As much as I enjoyed your football analogies, here also you’re restating, rather than further substantiating, your earlier accusations. You seem to conclude from the fact you found some problems with HLI’s analysis that we should conclude this means HLI, but only HLI, should be distrusted, and retain our confidence in all the other charity evaluators. This seems unwarranted. Why not conclude you would find mistakes elsewhere too? I am reminded of the expression, “if you knew how the sausage was made, you wouldn’t want to eat the sausage”. What I think is true is that HLI is a second-generation charity evaluator, we are aiming to be extremely transparent, and we are proposing novel priorities. As a result, I think we have come in for a far higher level of public scrutiny than others have, so more of our errors have been found, but I don’t know that we have made more and worse errors. Quite possibly, where errors have been noticed in others’ work, they have been quietly and privately identified, and corrected with less fanfare.
we think it’s preferable to rely on the existing evidence to draw our conclusions, rather than on forecasts of as-yet unpublished work.
I sense this is wrong, if I think the unpublished work will change my conclusions a lot, I change my conclusions some of the way now though I understand that’s a weird thing to do and hard to justify perhaps. Nonetheless I think it’s the right move.
Hi Greg,
Thanks for this post, and for expressing your views on our work. Point by point:
I agree that StrongMinds’ own study had a surprisingly large effect size (1.72), which was why we never put much weight on it. Our assessment was based on a meta-analysis of psychotherapy studies in low-income countries, in line with academic best practice of looking at the wider sweep of evidence, rather than relying on a single study. You can see how, in table 2 below, reproduced from our analysis of StrongMinds, StrongMinds’ own studies are given relatively little weight in our assessment of the effect size, which we concluded was 0.82 based on the available data. Of course, we’ll update our analysis when new evidence appears and we’re particularly interested in the Ozler RCT. However, we think it’s preferable to rely on the existing evidence to draw our conclusions, rather than on forecasts of as-yet unpublished work. We are preparing our psychotherapy meta-analysis to submit it for academic peer review so it can be independently evaluated but, as you know, academia moves slowly.
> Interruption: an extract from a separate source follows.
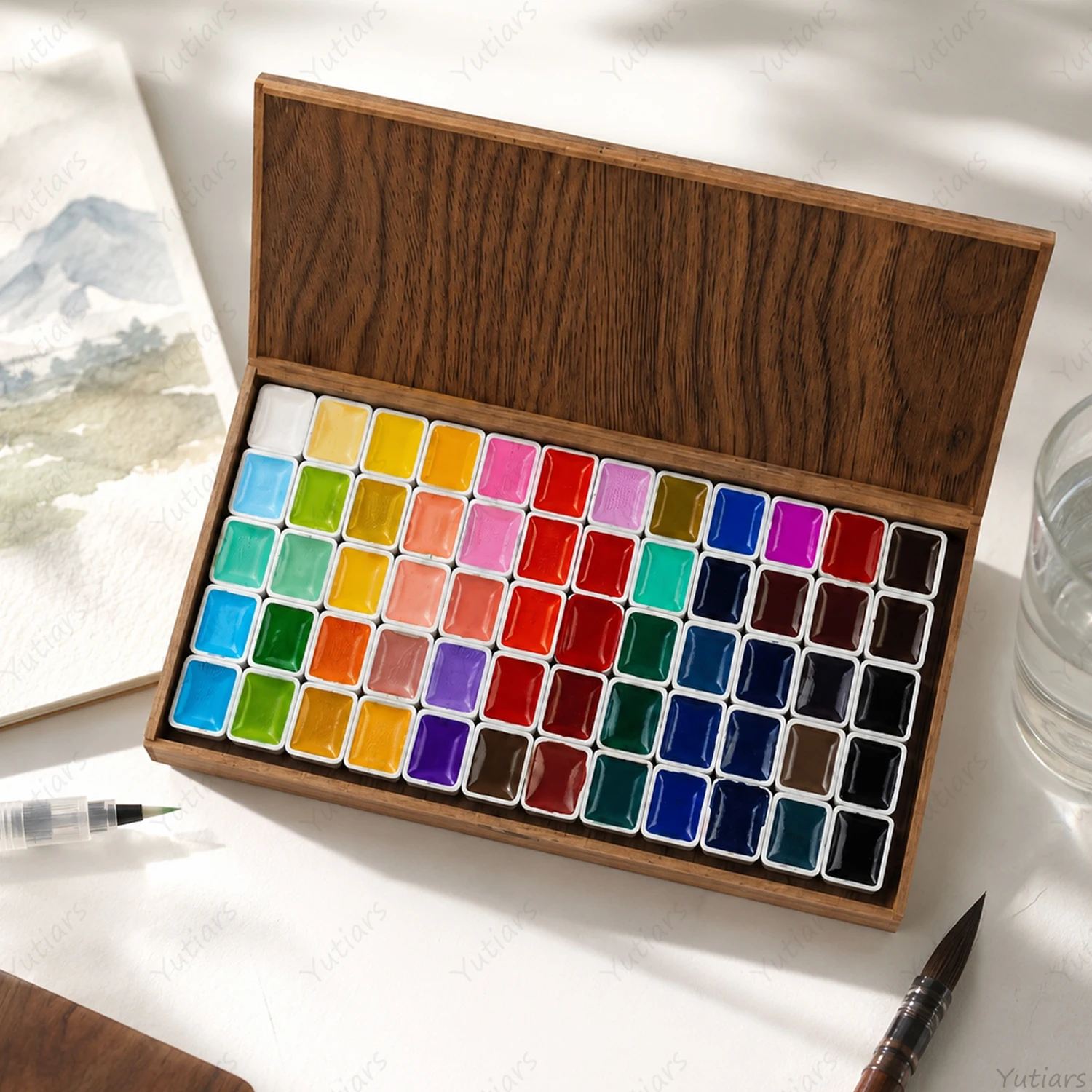 Watercolor Paint Set Solid Pigment - 60 Color Watercolor Paint Palette Wooden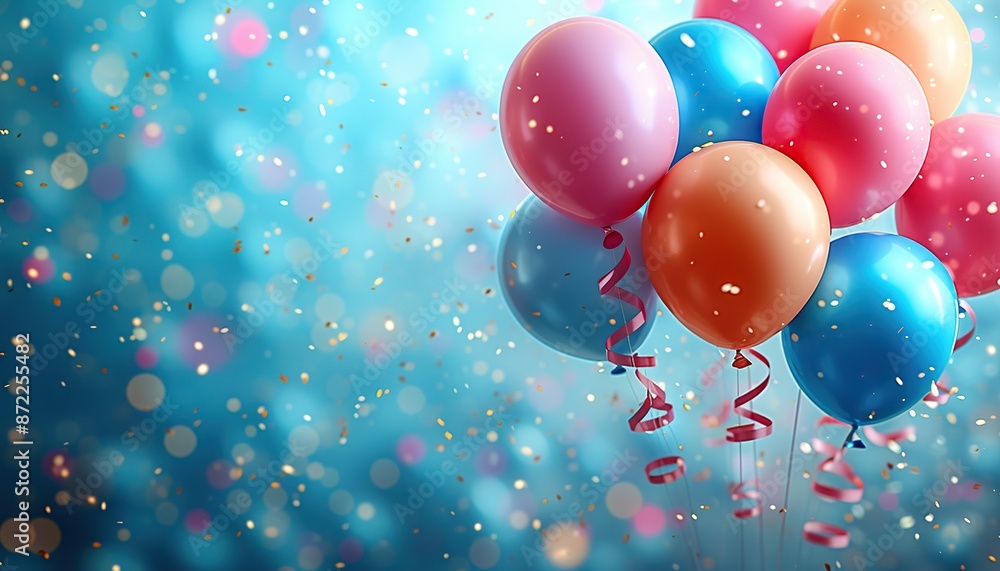 Festive balloons in pink and blue on a bright background, birthday balloons, greeting balloons Festive balloons in pink and blue on a bright background, birthday balloons, greeting balloons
We are a young, small team with much to learn, and of course, we’ll make mistakes. But, I wouldn’t characterise these as ‘grave shortcomings’, so much as the typical, necessary, and important back and forth between researchers. A claims P, B disputes P, A replies to B, B replies to A, and so it goes on. Even excellent researchers overlook things: GiveWell notably awarded us a prize for our reanalysis of their deworming research. We’ve benefitted enormously from the comments we’ve got from others and it shows the value of having a range of perspectives and experts. Scientific progress is the result of productive disagreements.
I think it’s worth adding that SimonM’s critique of StrongMinds did not refer to our meta-analytic work, but focused on concerns about StrongMinds own study and analysis done outside HLI. As I noted in 1., we share the concerns about the earlier StrongMinds study, which is why we took the meta-analytic approach. Hence, I’m not sure SimonM’s analysis told us much, if anything, we hadn’t already incorporated. With hindsight, I think we should have communicated far more prominently how small a part StrongMinds’ own studies played in our analysis, and been quicker off the mark to reply to SimonM’s post (it came out during the Christmas holidays and I didn’t want to order the team back to their (virtual) desks). Naturally, if you aren’t convinced by our work, you will be sceptical of our recommendations.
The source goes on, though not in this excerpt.